To właśnie z tego powodu wielu graczy z radością powitało pierwszy zwiastun UFL. Gra zapowiadała się dobrze, później jeszcze lepiej za sprawą zatrudnienia do promocji Cristiano Ronaldo, a kolejne materiały dawały nadzieję na świetną alternatywę. Po spędzeniu z tym tytułem kilkunastu godzin wiem jedno – Elektronicy mogą spać spokojnie.
Początek jest skromny
Od premiery recenzowany UFL nie może rywalizować z najmocniejszą konkurencją pod względem liczby trybów. Nie jest to specjalnie zaskakujące, ale w grze tak naprawdę nie możemy wziąć udział w lidze, nie stworzymy turnieju lub nie sprawdzimy naszego ulubionego zespołu w Lidze Mistrzów czy też nie wystartujemy Polską w eliminacjach do Mistrzostw Świata. Twórcy nie korzystają ze znanych licencji i tak naprawdę zapewniają głównie jeden tryb skoncentrowany na rozgrywce online.
W UFL istnieje gra offline, jednak warto nadmienić, że deweloperzy nie zadbali o licencje na znane ligi oraz przykładowo zespoły z Bundesligi, więc nie możecie wziąć udziału w meczu z SI lub znajomym na jednej kanapie wcielając się w gwiazdy Bayernu Monachium i Bayeru Leverkusen. W produkcji znajduje się 30 zespołów, jednak są to mniej znane kluby – do UFL nie trafił nawet jeden pełny skład z czołówki Premier League lub La Liga.
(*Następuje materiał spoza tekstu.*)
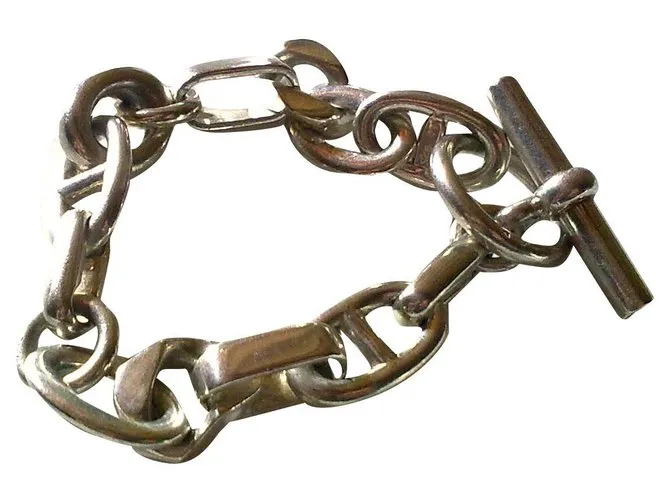 Hermès Alea Plata 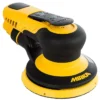 Ponceuse Orbitale Pneumatique Pros 550CV MIRKA - Ø125 Mm - 8995550111 -Maison Outil Boutique psa20130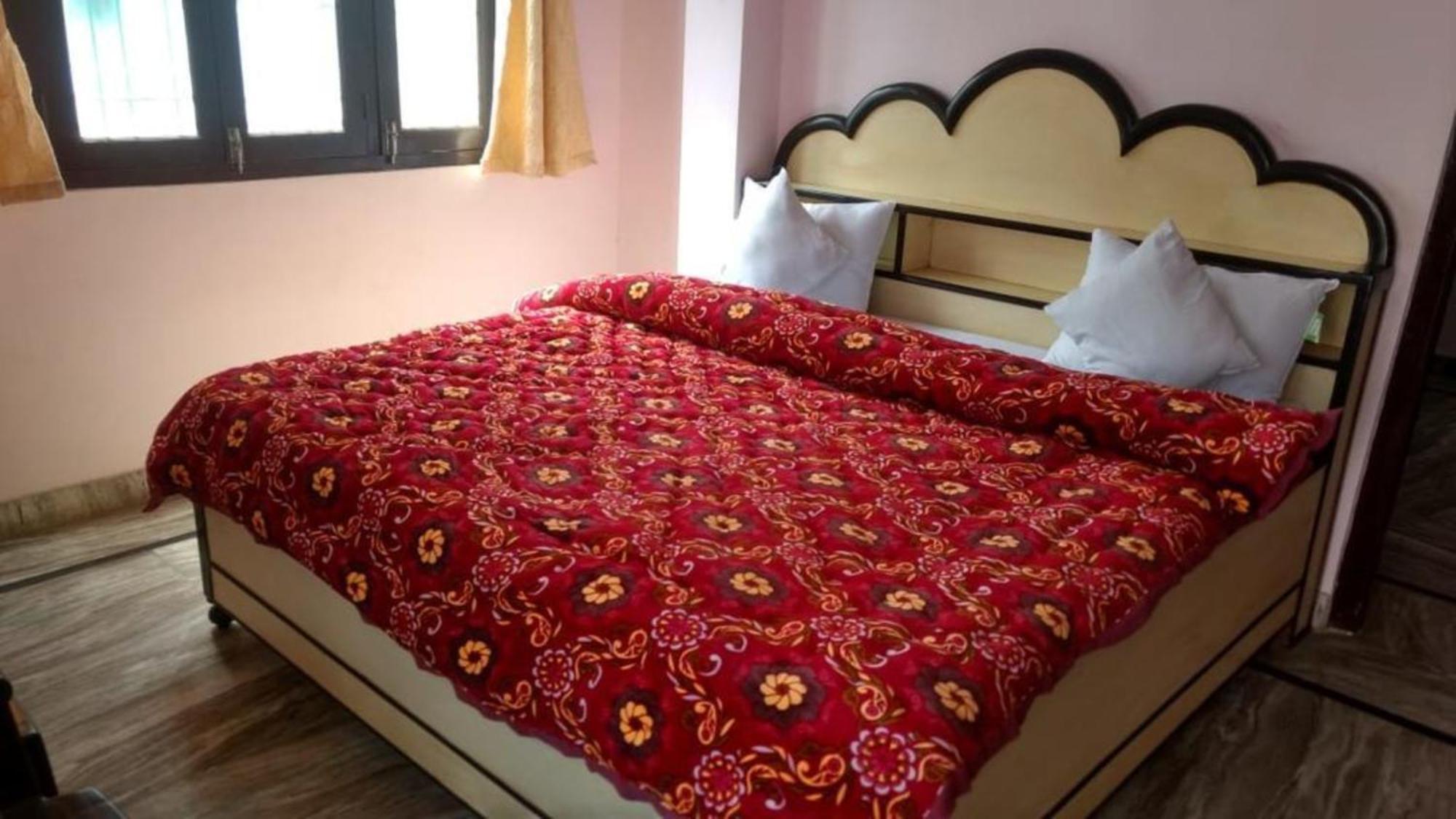 Goroomgo Sunny Digha Near New Digha Beach 550M - Prime Location - Luxury And Spacious Room Digha (West Bengal) Eksteriør billede
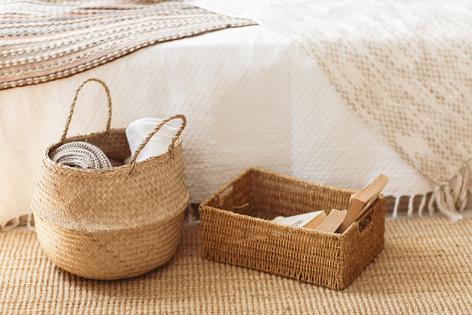 These popular choices don't always lead to an organized home. (Anastasiia Krivenok/Getty Images/TCA)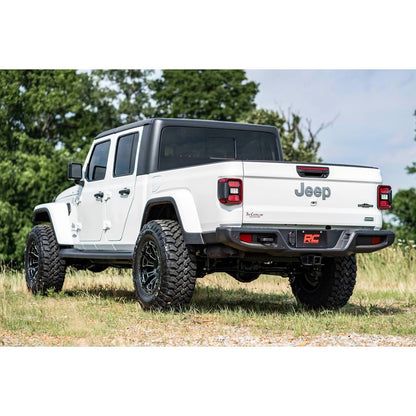 ROUGH COUNTRY 2.5 Inch Leveling Kits | Springs | V2 | Jeep Gladiator JT 4WD (2020-2023) | 64870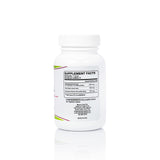 Health As It Ought To Be Adrenal Syn3rgy supplement side view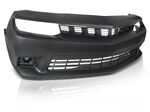 PARE CHOC AVANT CHEVROLET CAMARO V PHASE 2 SPORTLOOK (2013/2015)
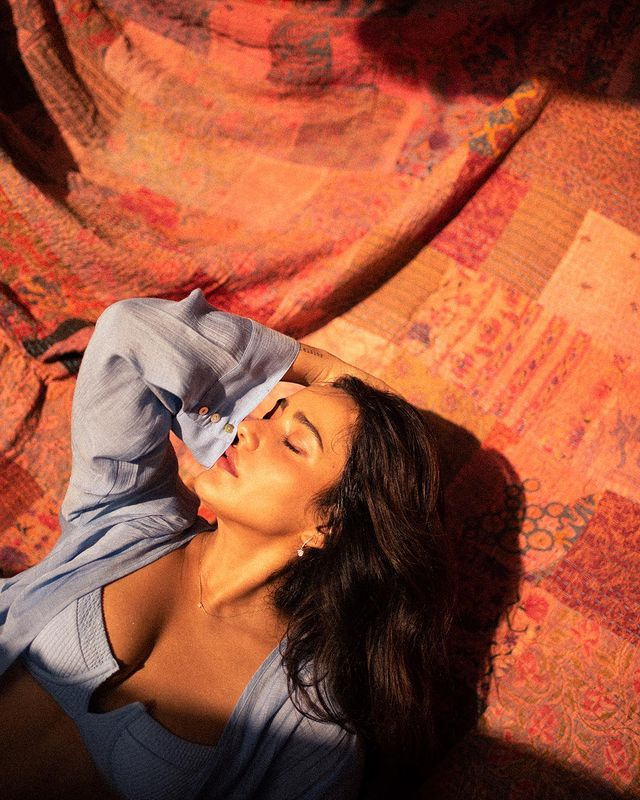 Every Pic of Neha Sharma is a Style Statement on Instagram!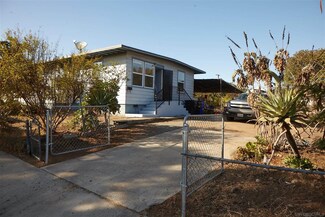 4684-86 Craigie St, San Diego, CA 92102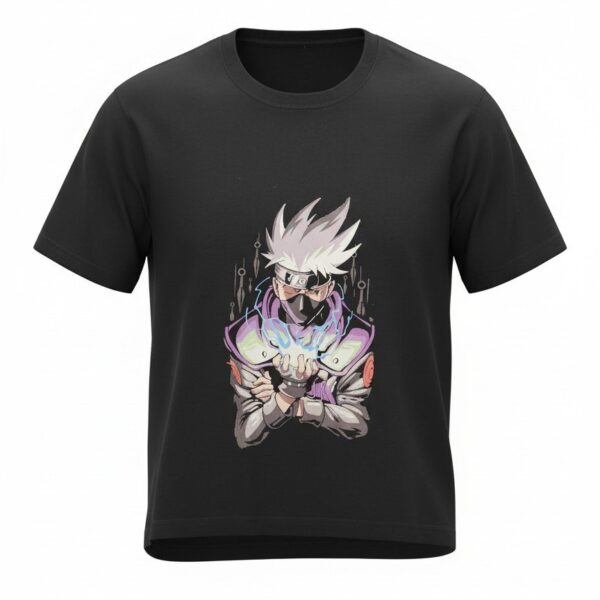 Kakashi Hatake Chidori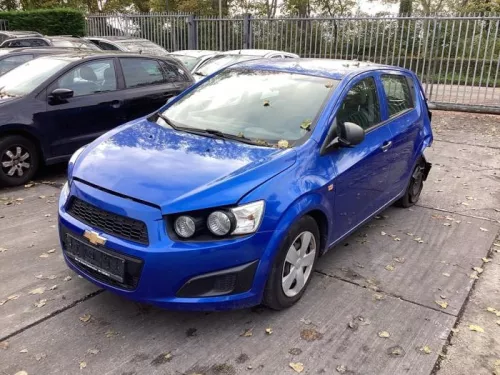 Portier 4Deurs links-voor-8246837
Obok Adidas FC możecie zagrać przykładowo AS Monaco, FC Porto, PSV Eindhoven czy Titans FC.
Lokalna rozgrywka to mecze jeden na jednego lub treningi, a sieciowe pojedynki oferują trzy warianty – starcia rankingowe, casual oraz tryb nazwany Shadown, do którego można otrzymać dostęp tylko w weekendy i to ze statusem premium (kupowany za cyfrową walutę) lub za tokeny (otrzymujemy je za mecze). Shadown to tak naprawdę dwudniowe rozgrywki, dzięki którym możemy zgarnąć ekskluzywne nagrody.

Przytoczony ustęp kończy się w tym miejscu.